A prova exclusivamente testemunhal não basta à comprovação da atividade rurícola, para efeito da obtenção de benefício previdenciário.
Cabe salientar, outrossim, que embora o art. 106 da Lei de Benefícios relacione os documentos aptos a essa comprovação, tal rol não é exaustivo.
Por outro lado, não se exige prova documental plena da atividade rural em relação a todos os anos integrantes do período correspondente à carência, mas início de prova material (como notas fiscais, talonário de produtor, comprovantes de pagamento do ITR ou prova de titularidade de imóvel rural, certidões de casamento, de nascimento, de óbito, certificado de dispensa de serviço militar, etc.) que, juntamente com a prova oral, possibilite um juízo de valor seguro acerca dos fatos que se pretende comprovar. Quanto aos meios de comprovação do tempo de atividade rural, o Superior Tribunal de Justiça, no julgamento do REsp 1348633 SP, Rel. Ministro Arnaldo Esteves Lima, Primeira Seção, julgado em 28/08/2013, DJe 05/12/2014, firmou a seguinte tese (Tema 638):
Mostra-se possível o reconhecimento de tempo de serviço rural anterior ao documento mais antigo, desde que amparado por convincente prova testemunhal, colhida sob contraditório.

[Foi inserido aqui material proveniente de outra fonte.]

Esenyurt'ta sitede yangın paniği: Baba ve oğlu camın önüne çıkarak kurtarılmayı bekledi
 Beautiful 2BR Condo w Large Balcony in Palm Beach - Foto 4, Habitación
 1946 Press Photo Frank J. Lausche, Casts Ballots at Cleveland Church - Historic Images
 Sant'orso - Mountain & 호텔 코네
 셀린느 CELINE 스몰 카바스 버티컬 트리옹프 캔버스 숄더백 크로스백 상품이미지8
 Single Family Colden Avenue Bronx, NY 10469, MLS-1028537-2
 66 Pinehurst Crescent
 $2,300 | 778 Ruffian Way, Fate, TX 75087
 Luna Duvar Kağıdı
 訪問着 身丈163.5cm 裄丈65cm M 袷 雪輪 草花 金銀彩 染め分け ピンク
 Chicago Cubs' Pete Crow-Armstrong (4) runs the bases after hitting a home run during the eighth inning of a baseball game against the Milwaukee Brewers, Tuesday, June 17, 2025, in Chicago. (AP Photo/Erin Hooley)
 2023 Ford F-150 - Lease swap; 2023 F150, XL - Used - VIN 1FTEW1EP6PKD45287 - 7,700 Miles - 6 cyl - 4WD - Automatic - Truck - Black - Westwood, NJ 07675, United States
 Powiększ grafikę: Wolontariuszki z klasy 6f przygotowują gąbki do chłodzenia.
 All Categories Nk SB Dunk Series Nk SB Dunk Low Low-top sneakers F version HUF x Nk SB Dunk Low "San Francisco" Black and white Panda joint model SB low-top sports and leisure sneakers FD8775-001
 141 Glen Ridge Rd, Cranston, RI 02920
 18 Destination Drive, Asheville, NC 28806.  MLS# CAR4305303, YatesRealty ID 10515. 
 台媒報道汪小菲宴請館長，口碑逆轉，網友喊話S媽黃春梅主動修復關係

Ademais, tal entendimento restou sedimentado pelo Superior Tribunal de Justiça, na Súmula 577 (DJe 27/06/2016):
É possível reconhecer o tempo de serviço rural anterior ao documento mais antigo apresentado, desde que amparado em convincente prova testemunhal colhida sob o contraditório.
Aquela Egrégia Corte também consolidou entendimento no sentido de atribuir efeitos prospectivos ao início de prova material, reconhecendo-lhe '(...) eficácia probatória tanto para o período anterior quanto para o posterior à data do documento, desde que corroborado por robusta prova testemunhal' (AgInt no REsp 1606371/PR, Rel. Ministro Sérgio Kukina, Primeira Turma, julgado em 20/04/2017, DJe 08/05/2017).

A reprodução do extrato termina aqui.